Building Data Products¶
Information
This quick guide provides an overview of designing and building a data product, from defining use cases to creating a functional product. It helps users understand how to identify business needs, set up data ingestion, transformation, quality checks. Additionally, it explains how to create a manifest file for a data product that delivers valuable business insights through enriched datasets, Metrics, APIs, and logical data model.
Pre-requisites¶
Before you start creating a data product, ensure you have the following:
Access Level Permissions for Creating a Data Product¶
You need specific tags roles:id:data-dev
and roles:id:system-dev
that authorize you to create and manage a data product within DataOS.
Alternatively, having specific use cases assigned can also grant you access.

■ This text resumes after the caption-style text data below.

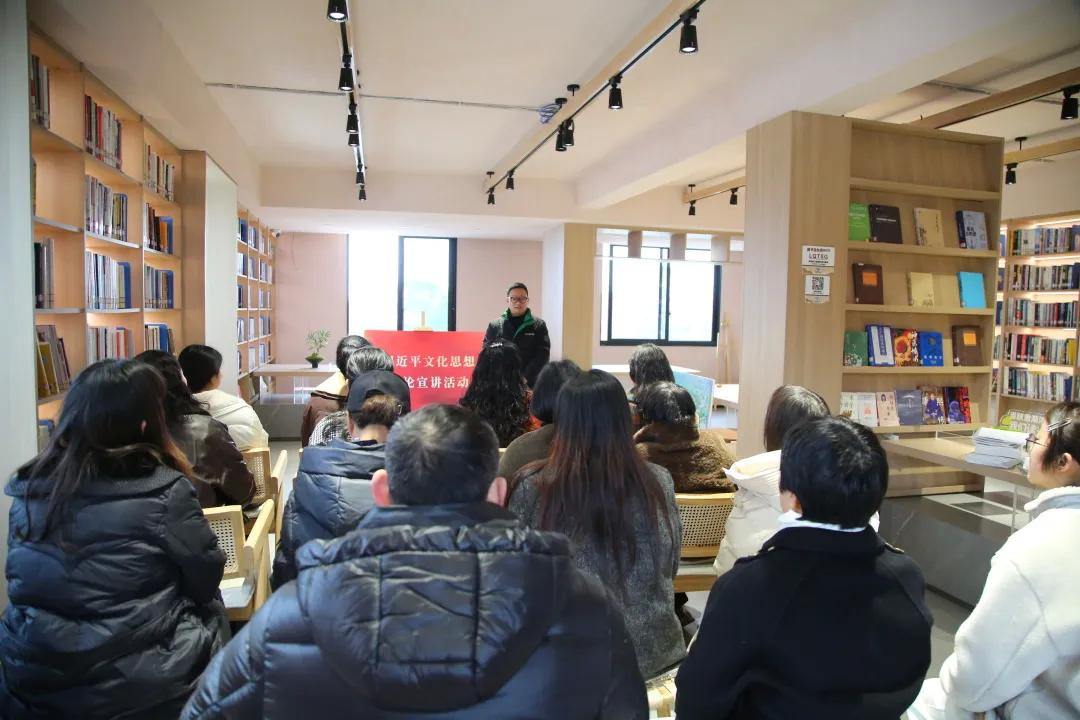 2019697171619565568.webp 图片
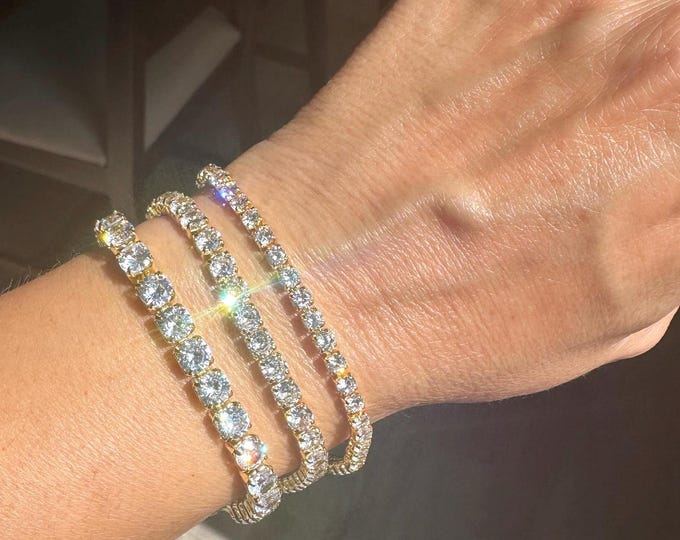 Bestie Tennis Bracelet in Yellow Gold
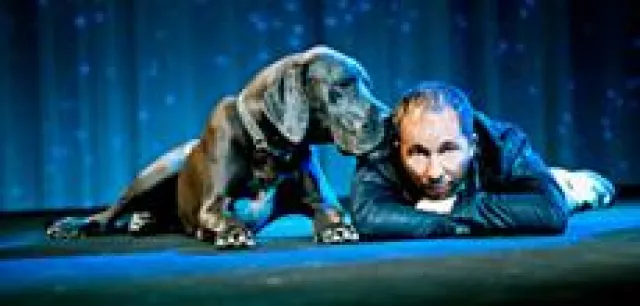 Bild: Partykönig Michael Ammer signiert Charity-Bildband "Odie meets..." in Wien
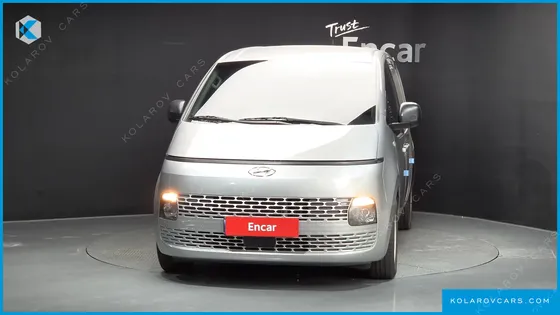 HYUNDAI STARIA CARGO 3-SEATER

Intended Action | Required Use-case |
---|---|
To build a Data Product | Manage Products/Domain in Poros |
To view a Data Product | Get Products/Domain Details From Poros |
For more details, visit Bifrost.
DataOS gives you everything you need to build a Data Product—whether starting from scratch or reusing an existing one. You can explore the Data Product Hub to discover and learn about all available data products, each with detailed information to help you get started or find inspiration.
Designing Data Product¶
When designing a data product, it is essential to clearly define the expectations and problems it will address.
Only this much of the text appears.